The composition tilted toward the off-plan market (69%), where developers continue to churn out studio and one-bedroom launches that investors quickly absorb. The ready market (31%) still held weight, reflecting liquidity in completed towers that have long defined the skyline. Together, studios and 1 BRs formed over 70 percent of transactions, a clear signal that Business Bay trades less in sprawling homes and more in churnable, compact formats that keep the wheels of liquidity turning.
Business Bay is less a lifestyle haven and more a market machine, where compact units dominate, investors find quick entry and exit, and volumes rise without unsettling price stability.
🧭 AIQYA Insight
For investors, the story is straightforward: a corridor that rewards those seeking yield and liquidity rather than space. For end-users, Business Bay offers immediacy and centrality, but rarely serenity. It is Dubai’s reminder that in some districts, it is churn, not charm, that defines the market pulse.

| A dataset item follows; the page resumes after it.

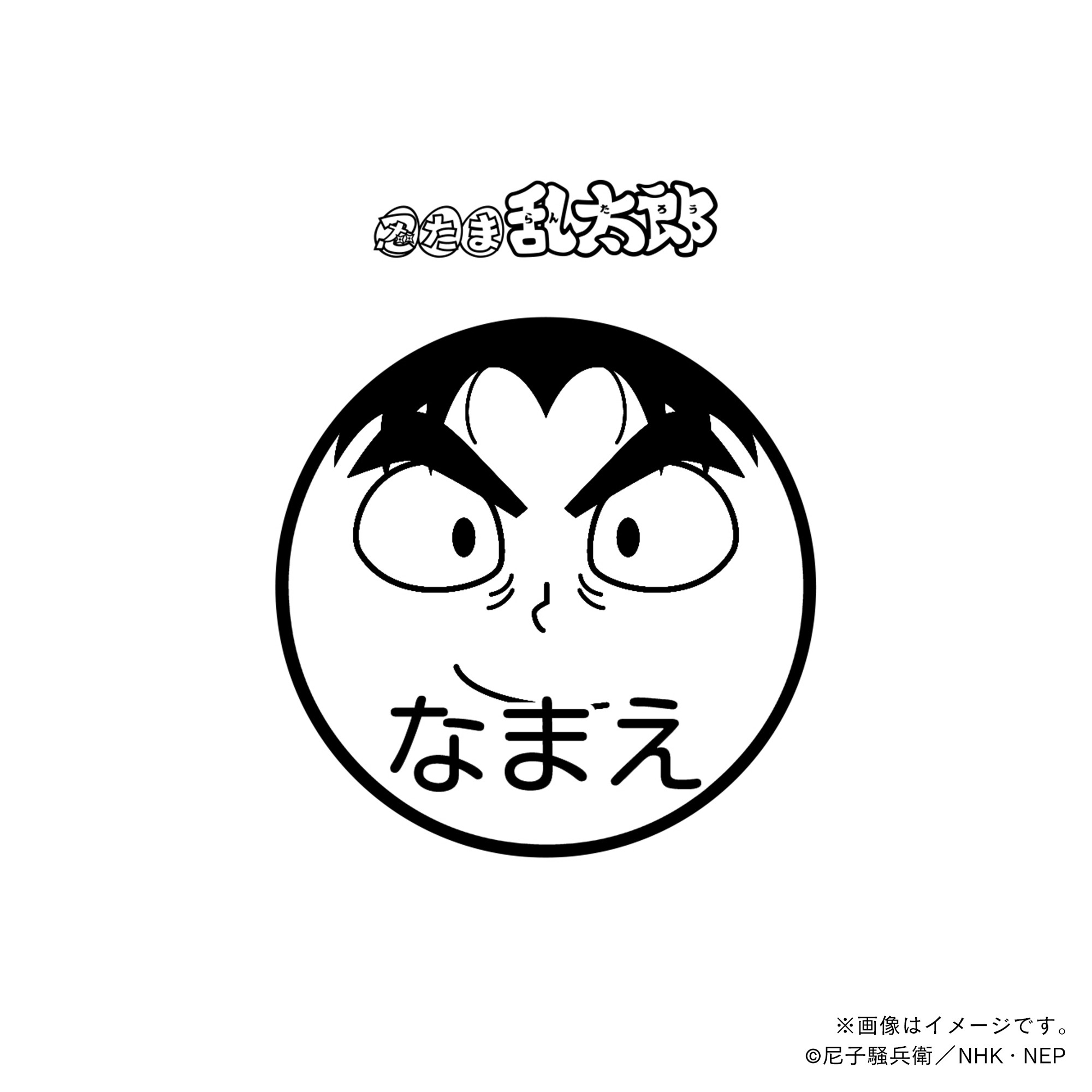 【忍たま乱太郎】 潮江文次郎・ネーム印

Key Market Metrics – Business Bay, H1 2025
Numbers often tell a story of their own, and in Business Bay they read like the ledger of a restless marketplace. Transactions kept pace with the skyline, steady, tall, and unrelenting. By the close of H1 2025, 3,721 homes had changed hands, carrying a total value of AED 8.3 billion. The heartbeat was quick but not erratic: prices held to a narrow band, signalling confidence rather than frenzy.
Business Bay Snapshot (H1 2025 – Residential Flats + Villas)
| Metric | H1 2025 | Q1 2025 | Q2 2025 |
| Transactions | 3,721 | 1,679 | 2,042 |
| Total Value (AED) | 8.29B | 3.42B | 4.87B |
| Median Price (AED/sq.ft.) | 2,372 | 2,385 | 2,360 |
| Average Price (AED/sq.ft.) | 2,358 | 2,377 | 2,342 |
| Off-plan Share | 69% | – | – |
| Ready Share | 31% | – | – |
- Nearly AED 5 billion worth of deals closed in Q2, a step up from Q1’s AED 3.4B, showing the corridor’s capacity to absorb supply in stride.
- Median psf barely shifted between quarters (2,385 → 2,360), proof that demand kept balance with deliveries.
- Off-plan launches drove two-thirds of activity, but the ready segment still turned over more than a thousand homes, liquidity across both spectrums.
🧭 AIQYA Insight
Business Bay is a market of momentum, not spikes. Its value lies in sheer scale and a pricing band investors can trust. For end-users, this consistency is reassuring but also revealing: here, the narrative is not about sprawling villas or lifestyle enclaves, but about a district engineered to keep deals flowing.
Price Trends & Market Interpretation – Business Bay, H1 2025
Prices in Business Bay traced a remarkably narrow path through the first half of 2025. The median shifted only 1%, from AED 2,385 per sq.ft. in Q1 to AED 2,360 per sq.ft. in Q2, even as volumes rose by more than 20 percent.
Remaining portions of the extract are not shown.